▶ Required action:
Would you please retype, exactly, the lines of the listing below between the line with "Fred Perry Fleece" and the line with "Coolommy Sleep Socks", inclusive?

(Information provided begins)

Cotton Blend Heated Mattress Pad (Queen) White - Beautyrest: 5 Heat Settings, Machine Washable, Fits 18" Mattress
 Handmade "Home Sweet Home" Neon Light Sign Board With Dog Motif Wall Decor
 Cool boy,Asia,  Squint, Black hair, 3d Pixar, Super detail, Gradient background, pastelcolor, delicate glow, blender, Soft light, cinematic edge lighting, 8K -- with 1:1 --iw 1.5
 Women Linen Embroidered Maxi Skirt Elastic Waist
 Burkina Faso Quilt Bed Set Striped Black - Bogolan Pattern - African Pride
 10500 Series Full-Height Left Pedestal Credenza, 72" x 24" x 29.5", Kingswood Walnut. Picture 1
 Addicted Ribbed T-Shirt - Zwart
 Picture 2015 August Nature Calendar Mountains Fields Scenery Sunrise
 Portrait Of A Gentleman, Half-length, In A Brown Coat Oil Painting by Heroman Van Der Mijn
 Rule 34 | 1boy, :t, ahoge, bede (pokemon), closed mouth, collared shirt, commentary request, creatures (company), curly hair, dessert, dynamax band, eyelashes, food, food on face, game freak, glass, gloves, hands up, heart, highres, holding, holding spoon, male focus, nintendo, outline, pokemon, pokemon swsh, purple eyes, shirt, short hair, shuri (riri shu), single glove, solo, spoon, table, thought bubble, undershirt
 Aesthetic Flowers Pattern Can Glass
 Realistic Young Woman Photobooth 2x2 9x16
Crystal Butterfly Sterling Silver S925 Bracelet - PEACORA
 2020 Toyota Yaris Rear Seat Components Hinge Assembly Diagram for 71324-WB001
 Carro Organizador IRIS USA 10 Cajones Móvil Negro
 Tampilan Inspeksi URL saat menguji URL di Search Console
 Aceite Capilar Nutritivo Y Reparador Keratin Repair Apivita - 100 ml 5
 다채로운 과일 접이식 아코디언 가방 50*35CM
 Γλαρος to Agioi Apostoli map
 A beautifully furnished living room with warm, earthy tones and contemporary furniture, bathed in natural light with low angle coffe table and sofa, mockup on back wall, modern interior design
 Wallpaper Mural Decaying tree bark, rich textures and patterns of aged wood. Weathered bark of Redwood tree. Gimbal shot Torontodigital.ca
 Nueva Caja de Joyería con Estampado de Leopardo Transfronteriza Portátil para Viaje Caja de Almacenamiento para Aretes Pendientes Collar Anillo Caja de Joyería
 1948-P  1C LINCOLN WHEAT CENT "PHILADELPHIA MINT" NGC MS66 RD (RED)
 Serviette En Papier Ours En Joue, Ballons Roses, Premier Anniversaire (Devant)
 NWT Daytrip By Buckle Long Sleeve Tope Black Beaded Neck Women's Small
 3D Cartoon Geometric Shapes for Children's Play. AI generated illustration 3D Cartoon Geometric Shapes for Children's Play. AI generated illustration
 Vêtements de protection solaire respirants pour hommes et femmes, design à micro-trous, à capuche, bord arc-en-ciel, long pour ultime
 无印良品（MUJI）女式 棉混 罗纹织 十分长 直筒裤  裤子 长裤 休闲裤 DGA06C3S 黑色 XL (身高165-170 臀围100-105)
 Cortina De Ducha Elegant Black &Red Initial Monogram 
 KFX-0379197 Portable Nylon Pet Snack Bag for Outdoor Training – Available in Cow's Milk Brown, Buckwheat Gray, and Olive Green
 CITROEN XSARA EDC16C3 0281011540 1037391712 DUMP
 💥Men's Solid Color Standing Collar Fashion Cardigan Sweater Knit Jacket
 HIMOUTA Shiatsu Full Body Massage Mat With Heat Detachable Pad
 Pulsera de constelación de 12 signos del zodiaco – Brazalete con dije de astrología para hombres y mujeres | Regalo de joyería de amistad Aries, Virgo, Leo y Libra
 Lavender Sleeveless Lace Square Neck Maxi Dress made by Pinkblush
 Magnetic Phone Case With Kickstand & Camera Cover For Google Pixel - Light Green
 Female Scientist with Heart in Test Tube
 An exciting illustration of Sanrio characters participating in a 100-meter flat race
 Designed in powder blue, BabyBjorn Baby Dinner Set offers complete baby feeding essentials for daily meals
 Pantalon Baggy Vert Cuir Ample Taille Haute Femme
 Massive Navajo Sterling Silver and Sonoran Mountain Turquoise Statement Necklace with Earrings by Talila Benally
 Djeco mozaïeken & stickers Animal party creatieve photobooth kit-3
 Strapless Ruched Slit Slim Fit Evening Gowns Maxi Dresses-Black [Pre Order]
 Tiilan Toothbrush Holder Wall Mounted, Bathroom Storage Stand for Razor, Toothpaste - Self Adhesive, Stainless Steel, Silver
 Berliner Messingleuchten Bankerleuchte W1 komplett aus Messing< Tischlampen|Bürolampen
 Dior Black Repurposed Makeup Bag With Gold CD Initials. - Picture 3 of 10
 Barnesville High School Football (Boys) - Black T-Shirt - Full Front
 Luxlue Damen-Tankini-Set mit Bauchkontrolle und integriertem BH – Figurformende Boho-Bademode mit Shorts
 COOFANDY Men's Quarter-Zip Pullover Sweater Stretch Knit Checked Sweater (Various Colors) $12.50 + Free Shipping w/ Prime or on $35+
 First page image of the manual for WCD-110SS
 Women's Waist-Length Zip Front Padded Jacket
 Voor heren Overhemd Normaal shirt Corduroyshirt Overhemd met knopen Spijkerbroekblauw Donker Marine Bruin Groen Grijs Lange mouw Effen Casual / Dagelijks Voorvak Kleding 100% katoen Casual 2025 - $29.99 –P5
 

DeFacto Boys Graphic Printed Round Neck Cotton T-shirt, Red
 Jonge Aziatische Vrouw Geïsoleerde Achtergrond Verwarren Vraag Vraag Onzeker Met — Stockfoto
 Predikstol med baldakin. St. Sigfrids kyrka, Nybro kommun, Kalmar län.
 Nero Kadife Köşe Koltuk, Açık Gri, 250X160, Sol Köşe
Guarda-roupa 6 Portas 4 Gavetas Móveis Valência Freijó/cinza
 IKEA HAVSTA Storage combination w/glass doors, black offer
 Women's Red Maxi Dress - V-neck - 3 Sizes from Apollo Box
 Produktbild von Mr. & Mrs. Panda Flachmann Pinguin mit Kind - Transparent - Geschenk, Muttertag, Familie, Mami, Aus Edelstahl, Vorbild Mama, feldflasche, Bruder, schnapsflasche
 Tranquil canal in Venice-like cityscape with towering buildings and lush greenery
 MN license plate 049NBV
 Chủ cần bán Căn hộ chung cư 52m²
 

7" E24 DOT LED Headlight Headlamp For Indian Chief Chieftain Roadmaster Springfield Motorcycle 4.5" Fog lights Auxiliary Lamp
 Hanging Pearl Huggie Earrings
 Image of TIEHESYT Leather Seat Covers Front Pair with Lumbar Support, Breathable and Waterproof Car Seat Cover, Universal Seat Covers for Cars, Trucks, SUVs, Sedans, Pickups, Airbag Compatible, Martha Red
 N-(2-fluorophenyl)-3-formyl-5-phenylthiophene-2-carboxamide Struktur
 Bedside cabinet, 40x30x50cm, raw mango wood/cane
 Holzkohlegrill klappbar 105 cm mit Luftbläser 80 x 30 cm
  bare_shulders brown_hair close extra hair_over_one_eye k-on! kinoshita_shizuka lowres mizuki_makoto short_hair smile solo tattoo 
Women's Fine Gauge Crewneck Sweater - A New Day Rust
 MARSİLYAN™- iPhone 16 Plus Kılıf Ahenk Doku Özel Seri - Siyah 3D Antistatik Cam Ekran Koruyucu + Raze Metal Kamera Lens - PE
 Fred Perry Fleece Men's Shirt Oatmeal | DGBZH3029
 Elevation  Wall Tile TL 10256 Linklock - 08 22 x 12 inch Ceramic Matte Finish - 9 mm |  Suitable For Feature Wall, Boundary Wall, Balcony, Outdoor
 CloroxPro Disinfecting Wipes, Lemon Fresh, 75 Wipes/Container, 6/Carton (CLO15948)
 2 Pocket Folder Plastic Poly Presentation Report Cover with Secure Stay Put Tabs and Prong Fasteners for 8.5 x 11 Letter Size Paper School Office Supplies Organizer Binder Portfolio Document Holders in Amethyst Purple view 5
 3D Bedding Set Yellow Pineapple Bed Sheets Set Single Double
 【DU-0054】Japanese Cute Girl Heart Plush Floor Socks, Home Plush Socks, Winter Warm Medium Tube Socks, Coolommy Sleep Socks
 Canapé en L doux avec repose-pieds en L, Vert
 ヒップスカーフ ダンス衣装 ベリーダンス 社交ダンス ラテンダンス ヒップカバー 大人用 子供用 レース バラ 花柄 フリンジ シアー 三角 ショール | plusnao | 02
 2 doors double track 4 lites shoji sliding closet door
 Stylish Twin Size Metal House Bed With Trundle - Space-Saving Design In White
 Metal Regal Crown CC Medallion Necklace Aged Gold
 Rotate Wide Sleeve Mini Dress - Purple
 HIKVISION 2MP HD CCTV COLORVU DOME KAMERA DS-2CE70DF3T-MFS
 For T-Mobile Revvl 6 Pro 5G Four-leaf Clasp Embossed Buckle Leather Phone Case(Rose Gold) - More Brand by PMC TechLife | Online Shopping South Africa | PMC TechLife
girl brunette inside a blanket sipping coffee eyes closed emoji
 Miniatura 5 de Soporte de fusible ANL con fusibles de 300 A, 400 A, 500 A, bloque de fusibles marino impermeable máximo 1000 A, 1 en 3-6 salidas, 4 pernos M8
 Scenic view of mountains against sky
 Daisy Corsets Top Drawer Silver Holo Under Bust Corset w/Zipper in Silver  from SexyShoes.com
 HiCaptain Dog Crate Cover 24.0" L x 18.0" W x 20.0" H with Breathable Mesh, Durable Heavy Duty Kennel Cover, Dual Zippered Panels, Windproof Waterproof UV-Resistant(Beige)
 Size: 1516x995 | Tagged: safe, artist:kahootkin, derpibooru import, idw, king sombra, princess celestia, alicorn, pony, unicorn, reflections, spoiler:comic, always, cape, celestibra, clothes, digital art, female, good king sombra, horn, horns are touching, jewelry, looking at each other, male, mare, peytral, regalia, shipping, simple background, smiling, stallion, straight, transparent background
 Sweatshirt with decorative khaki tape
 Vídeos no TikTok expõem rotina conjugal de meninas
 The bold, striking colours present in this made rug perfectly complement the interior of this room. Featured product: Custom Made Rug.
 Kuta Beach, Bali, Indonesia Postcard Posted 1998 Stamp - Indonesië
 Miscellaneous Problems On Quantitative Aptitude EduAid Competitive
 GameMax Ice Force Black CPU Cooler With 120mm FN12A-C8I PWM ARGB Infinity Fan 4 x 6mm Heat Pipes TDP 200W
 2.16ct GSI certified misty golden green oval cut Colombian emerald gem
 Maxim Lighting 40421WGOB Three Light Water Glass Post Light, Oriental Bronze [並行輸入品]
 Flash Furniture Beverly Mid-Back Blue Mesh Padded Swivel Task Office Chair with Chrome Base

(Information provided ends)

▶ Answer to this exercise:
 Fred Perry Fleece Men's Shirt Oatmeal | DGBZH3029
 Elevation  Wall Tile TL 10256 Linklock - 08 22 x 12 inch Ceramic Matte Finish - 9 mm |  Suitable For Feature Wall, Boundary Wall, Balcony, Outdoor
 CloroxPro Disinfecting Wipes, Lemon Fresh, 75 Wipes/Container, 6/Carton (CLO15948)
 2 Pocket Folder Plastic Poly Presentation Report Cover with Secure Stay Put Tabs and Prong Fasteners for 8.5 x 11 Letter Size Paper School Office Supplies Organizer Binder Portfolio Document Holders in Amethyst Purple view 5
 3D Bedding Set Yellow Pineapple Bed Sheets Set Single Double
 【DU-0054】Japanese Cute Girl Heart Plush Floor Socks, Home Plush Socks, Winter Warm Medium Tube Socks, Coolommy Sleep Socks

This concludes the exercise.